Speaker
Description
The effect of black holes on entanglement harvesting--the process of extracting entanglement from the quantum vacuum--has been of considerable interest over the past decade. Research involving stationary Unruh-DeWitt (UDW) detectors in a (2+1)-dimensional black hole spacetime (the BTZ black hole) has uncovered phenomena such as entanglement shadows, entanglement amplification through black hole rotation, and differences between bipartite and tripartite entanglement. For a (1+1)-dimensional Schwarzschild black hole, two UDW detectors could harvest entanglement from the scalar quantum vacuum even when separated by an event horizon. The dynamical problem of harvesting entanglement as detectors cross the event horizon is substantially more difficult. To this end, we calculate the mutual information between two UDW detectors coupled to a massless quantum scalar field, with the detectors starting at rest and falling radially into a non-rotating (2+1)-dimensional BTZ black hole.
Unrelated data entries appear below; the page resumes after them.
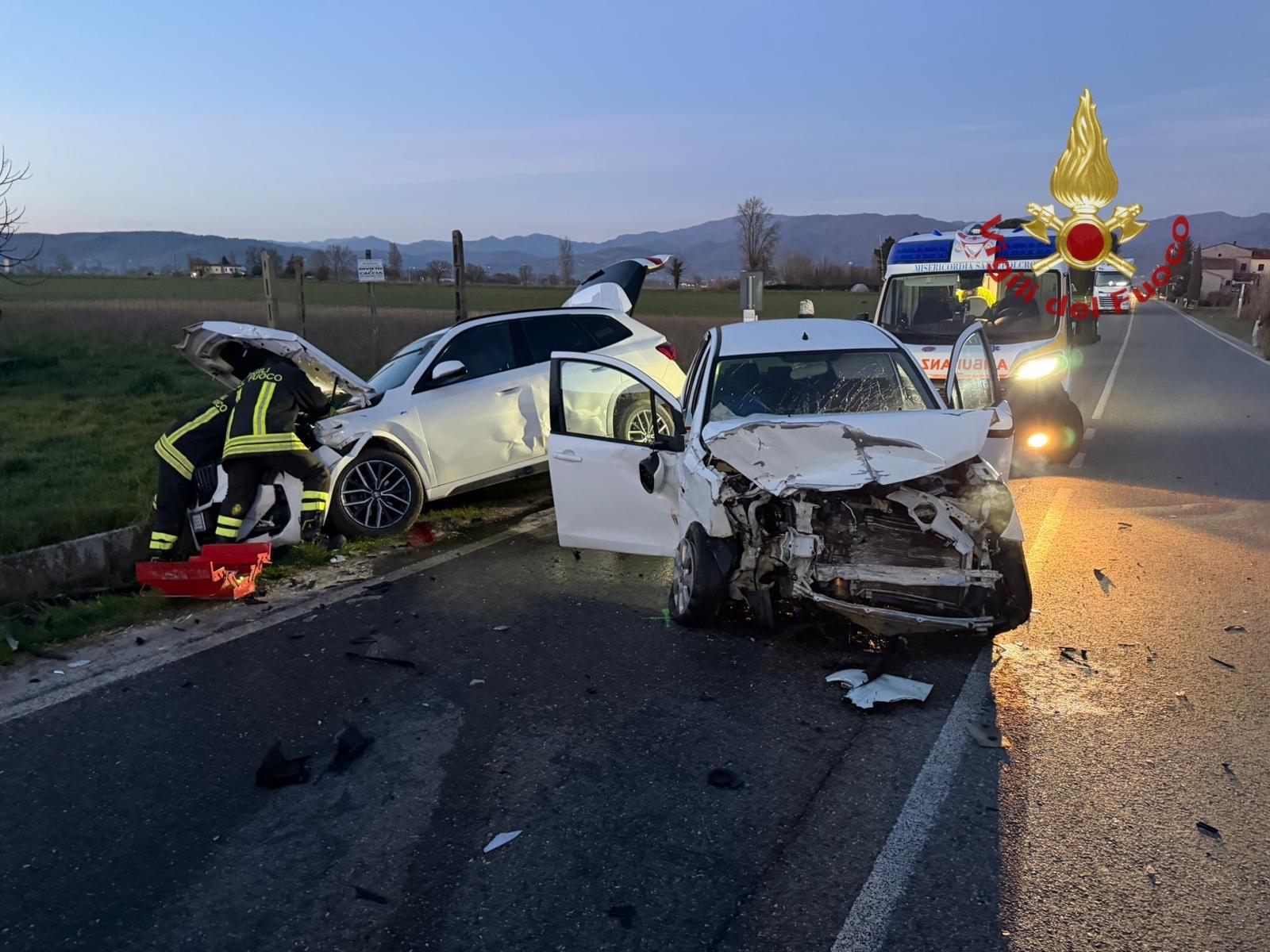 Incidente sulla Statale 73 a San Leo di Anghiari tre auto coinvolte, un ferito estratto dai Vigili del fuoco
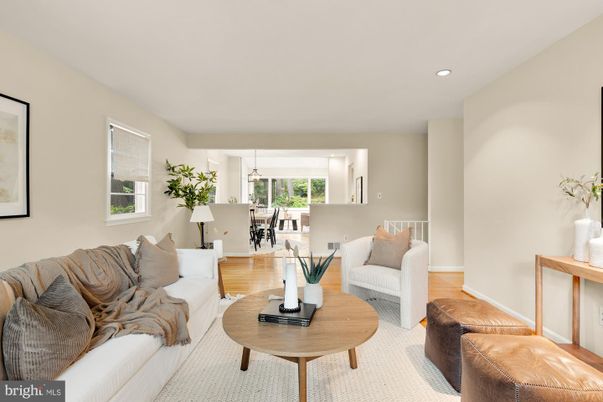 Dining room, Interior, Living room, Pendant Lights, Recessed Lighting, Wood Texture Flooring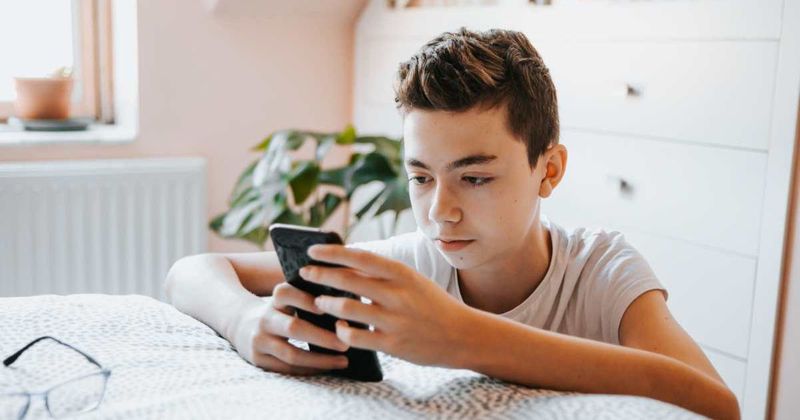 Parent created a 'code-word' emoji for their son to use as a call for help — then one day, the text came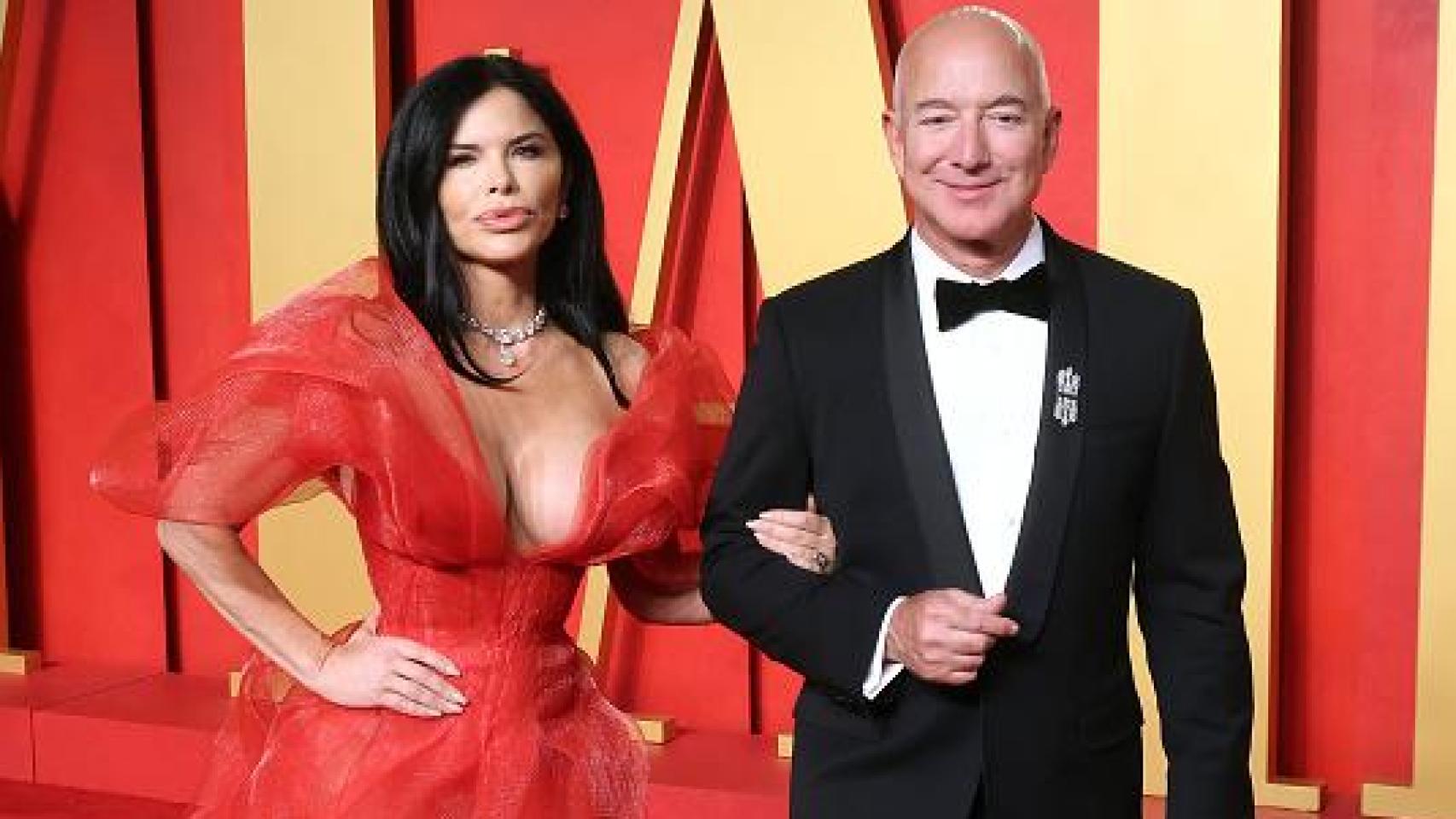 Jeff Bezos y su esposa, Lauren Sánchez.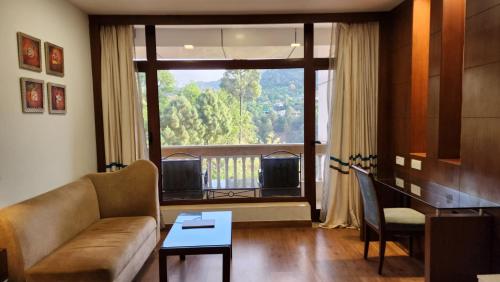 Superior Double Room image 5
The trajectory of the detectors includes regions where both detectors are switched on outside of the horizon; where one detector is switched on inside of the horizon while the other switches on outside; and where both detectors switch on inside of the horizon. We investigate different black hole masses, detector energy gaps, widths and temporal separations of the detector switching functions, and field boundary conditions. This study is the first to examine correlation harvesting across an event horizon for a black hole spacetime that satisfies Einstein's equations.
| Keyword-1 | mutual information |
|---|---|
| Keyword-2 | black holes |